Sulla presunta tomba di Dracula a Napoli è una piccola ma puntuale indagine storica, che prendendo piede dai glifi della lapide e dall’iconografia condivisa negli stemmi familiari di Tepes, dell’Ordine del Drago e di una figura femminile che si ritrova al centro di questa ricerca: Maria Balsa, probabile figlia illegittima di Vlad, che raggiunse il Regno di Napoli di Ferrante d’Aragona probabilmente senza poter dichiarare le sue reali origini e che, dopo esser divenuta contessa di Acerenza e Muro, potrebbe aver fatto disseminare segnali e simboli circa la sua vera identità all’interno di pitture e altro.
Se le ipotesi da cui l’indagine si rivelasse vera, l’Impalatore non morì in battaglia, ma riuscì a fuggire con la figlia e si rifugiò a Napoli, dove invecchiò e finì la sua vita in incognito, finendo poi sepolto dietro la lapide misteriosa.
Laura Miriello non ha – ovviamente – ancora modo di mettere un punto definitivo a questa affascinante Storia, ma riesce almeno [e non è poco] a fare ordine e a presentarci in modo chiaro le varie ipotesi, arrivando a trarre qualche pensiero personale a riguardo e promettendo di rimanere con le antenne alzate, pronte a captare e raccontare ogni nuova scoperta a riguardo.
La vicenda è affascinante e intricata e mostra in maniera assai esplicita e chiara come le vicende belliche e familiari delle potenti famiglie reggenti fossero davvero trasversalmente collegate anche a distanze importanti e con differenze culturali ben riscontrabili.
Pur essendo raccontato in modo molto chiaro, il libro richiede un certo interesse per la storiografia. Il fascino per il Vampiro, in questo caso, non basta!
–
Se l’intrattenimento dell’orrore si è spesso ispirato alle più estreme pratiche di estrazione odontoiatrica [dal
The Dentist di
Yuzna ai continui riferimenti nei
torture porn], la storia reale dell’odontoiatria non è stata meno spietata e violenta!
Se pensate di avere il coraggio di conoscerla nei dettagli e poi rientrare all’interno dello studio del vostro dentista non dovete perdervi il bel Il sorriso rubato – Storia nobile [e atroce] dell’Odontoiatria, di Richard Barnett.
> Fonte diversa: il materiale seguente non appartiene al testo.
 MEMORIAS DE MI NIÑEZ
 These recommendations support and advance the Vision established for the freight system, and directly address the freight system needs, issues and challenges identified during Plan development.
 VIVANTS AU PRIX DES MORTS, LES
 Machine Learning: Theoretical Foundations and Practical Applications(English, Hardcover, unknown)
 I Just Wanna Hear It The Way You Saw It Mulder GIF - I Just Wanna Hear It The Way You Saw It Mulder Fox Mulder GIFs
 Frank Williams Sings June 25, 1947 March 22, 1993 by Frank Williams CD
Si tratta di un volume di pregio edito in Italia da Illustrati Logos, che racconta la storia dell’odontoiatria partendo proprio da quegli albori così rudimentali da rasentare la tortura!
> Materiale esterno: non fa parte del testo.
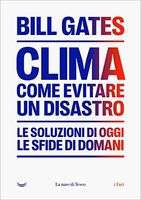 Clima. Come evitare un disastro. Le soluzioni di oggi. Le sfide di domani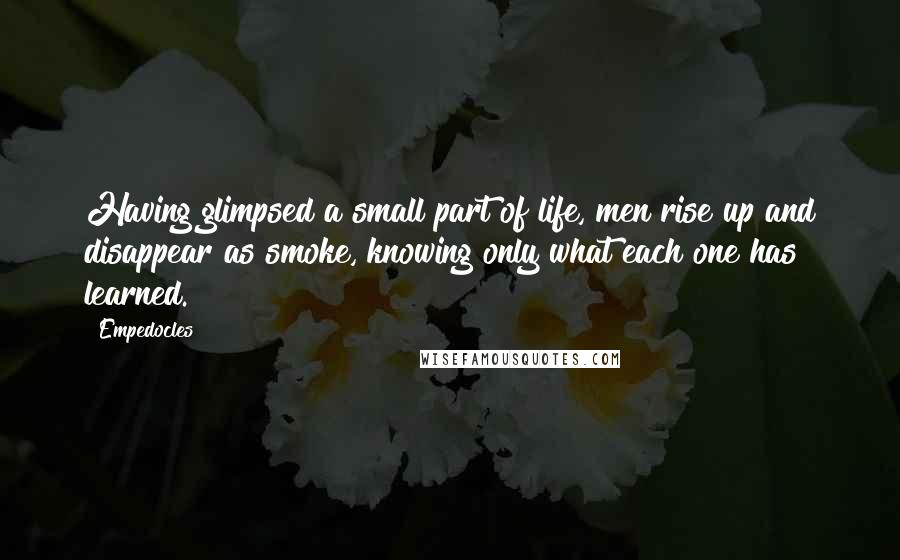 Empedocles Quotes: Having glimpsed a small part of life, men rise up and disappear as smoke, knowing only what each one has learned.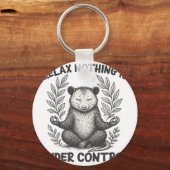 Porte-clés Relax Nothing Is Under Control Funny Sarcastic Opo (Recto)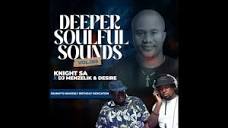 Knight SA x Menzelik & Desire - Deeper Soulful Sounds Vol.109 ...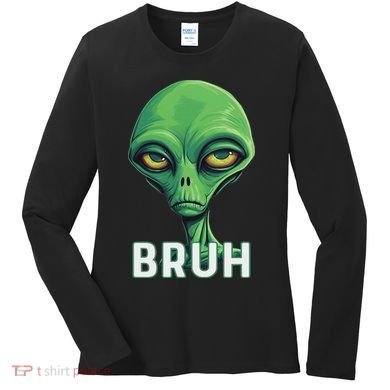 Bruh Meme Funny Saying Brother Greeting Ns Alien Women's Long Sleeve Shirt
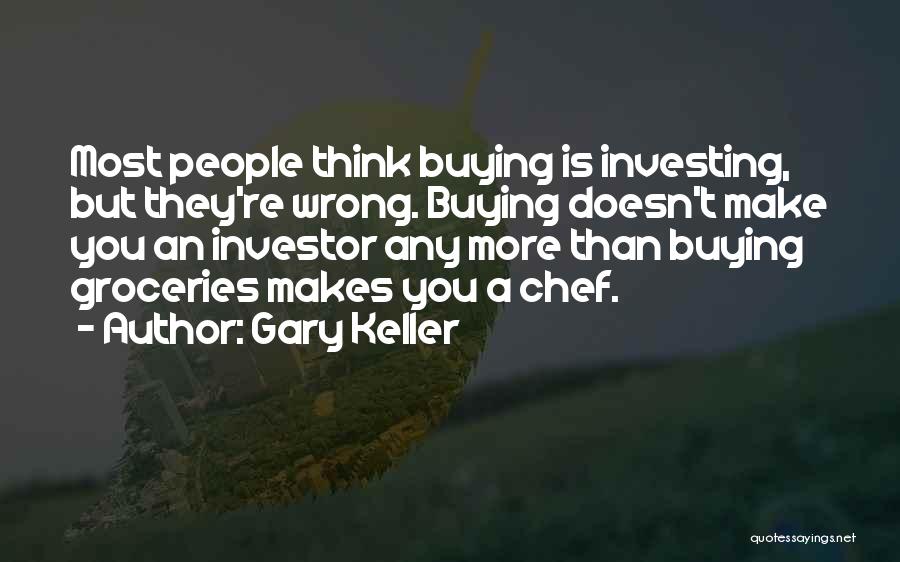 Gary Keller Quotes: Most People Think Buying Is Investing, But They're Wrong. Buying Doesn't Make You An Investor Any More Than Buying Groceries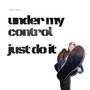 Under My Control / Just Do It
Nel volume di Logos, cover cartonata con costina e lato sinistro in rosa con un bell’effetto ruvido al tatto e decorazioni dorate [probabilmente a richiamare il colore gengivale e le otturazioni in oro che fin dall’inizio della storia della cura dentale hanno illuminato le cavità orali dei più abbienti], il viaggio nel tempo della cura e della bellezza della bocca è scandito non solo attraverso un racconto storico puntuale intervallato da citazioni bibliografiche davvero interessanti, ma soprattutto da tante pagine di illustrazioni, caricature e fotografie che mostrano ancor più concretamente il viaggio/metamorfosi che dagli spaventosi strumenti dei primi cavadenti porta fino alle più moderne [ma forse non meno spaventose] poltrone da dentista.
Una storia davvero affascinante che racconta l’evoluzione di una branca della cura della persona, inizialmente osteggiata e snobbata dalla Medicina e relegata addirittura a qualcosa di più vicino all’arte di strada di saltimbanchi e ciarlatani.
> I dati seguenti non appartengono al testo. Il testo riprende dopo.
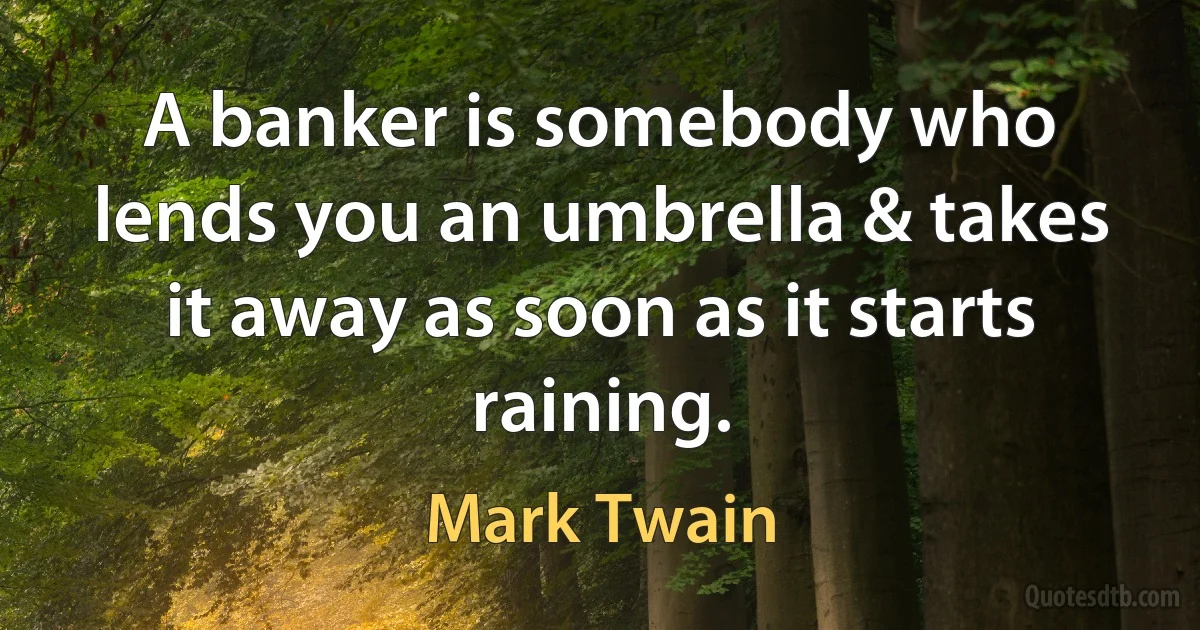 A banker is somebody who lends you an umbrella & takes it away as soon as it starts raining. (Mark Twain)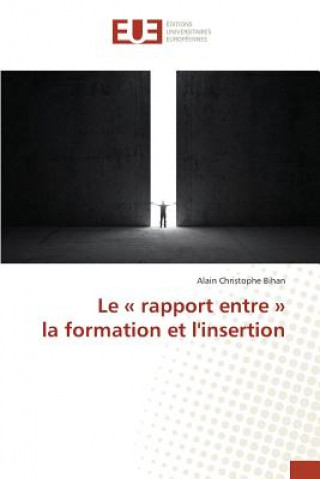 Książka Le Rapport Entre La Formation Et l'Insertion Bihan-A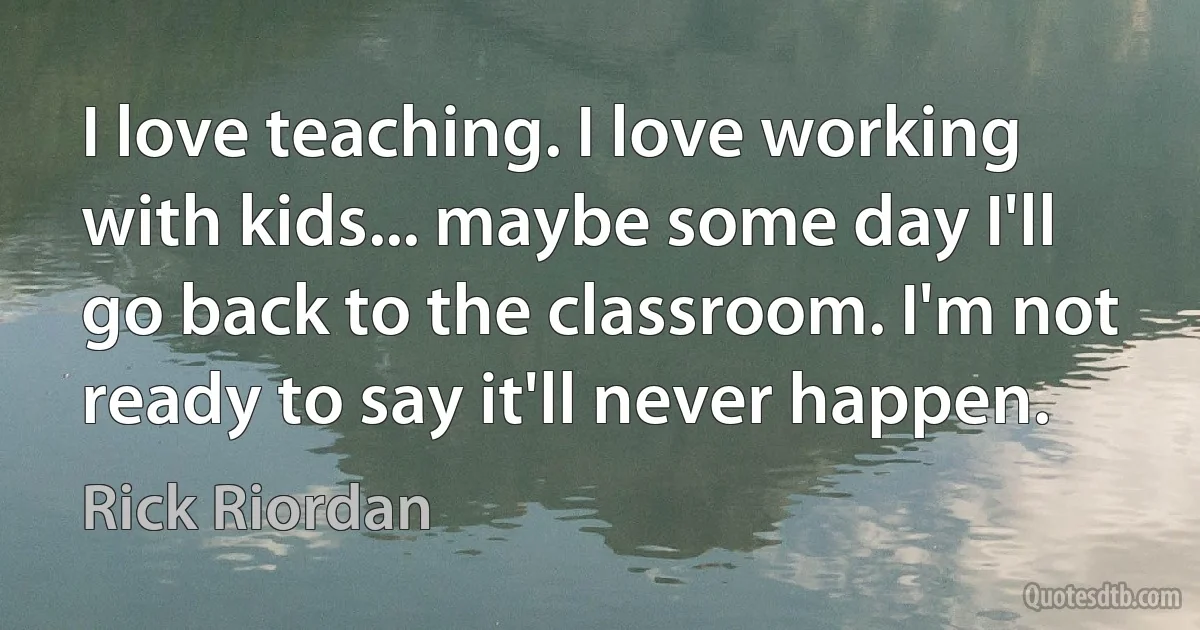 I love teaching. I love working with kids... maybe some day I'll go back to the classroom. I'm not ready to say it'll never happen. (Rick Riordan)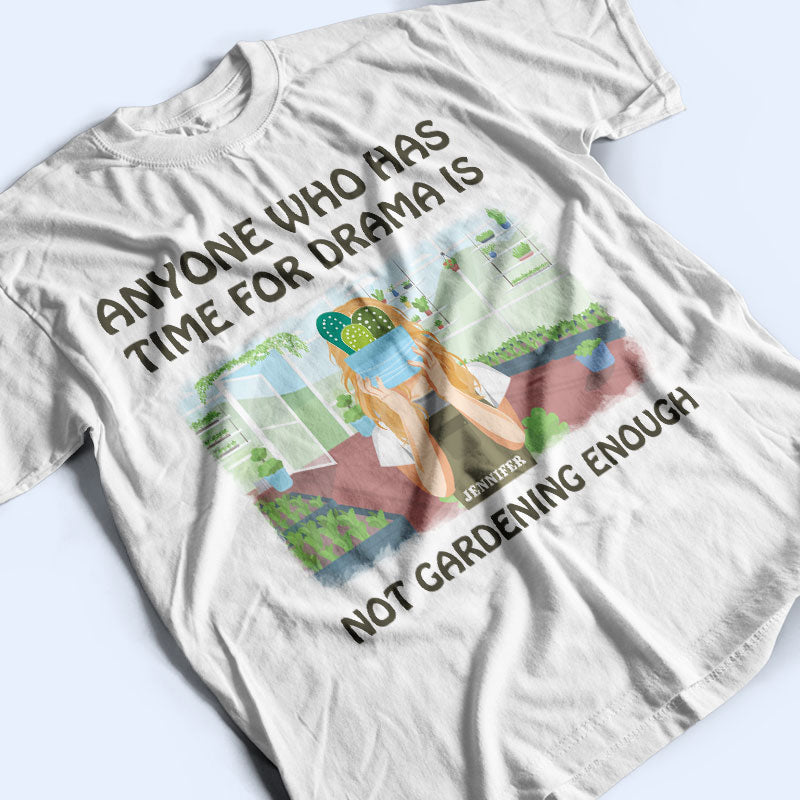 Not Gardening Enough - Personalized Custom T Shirt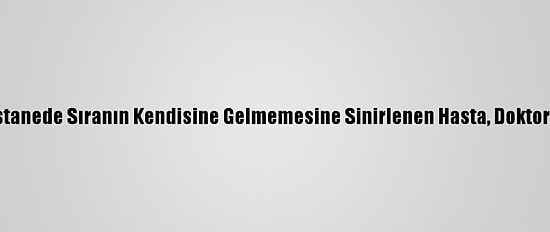 Güncelleme - Hastanede Sıranın Kendisine Gelmemesine Sinirlenen Hasta, Doktoru Orakla Yaraladı
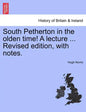 South Petherton in the Olden Time! a Lecture ... Revised Edition, with Notes. - Paperback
Particolarmente interessanti e macabre le pratiche di sostituzione di denti perduti che abbracciavano un ventaglio di proposte che andava da una dentiera completa [anche di palato] in avorio che presto iniziava a deteriorarsi nella bocca del proprietario, fino ai cosiddetti “denti di Waterloo”, veri denti che venivano tirati via dalla bocca di soldati morti in guerra [quando non direttamente da cadaveri disseppelliti] per finire nella bocca di chi poteva permettersi una protesi. Ovviamente infezioni e decessi aspettavano dietro l’angolo.
Il sorriso rubato mette in luce come la società contemporanea abbia profondamente cambiato atteggiamento nei confronti dell’odontoiatria e come il dentista sia riuscito nella scalata sociale che lo ha portato dalle estrazioni/esibizioni in strada al riconoscimento quale professionista sanitario.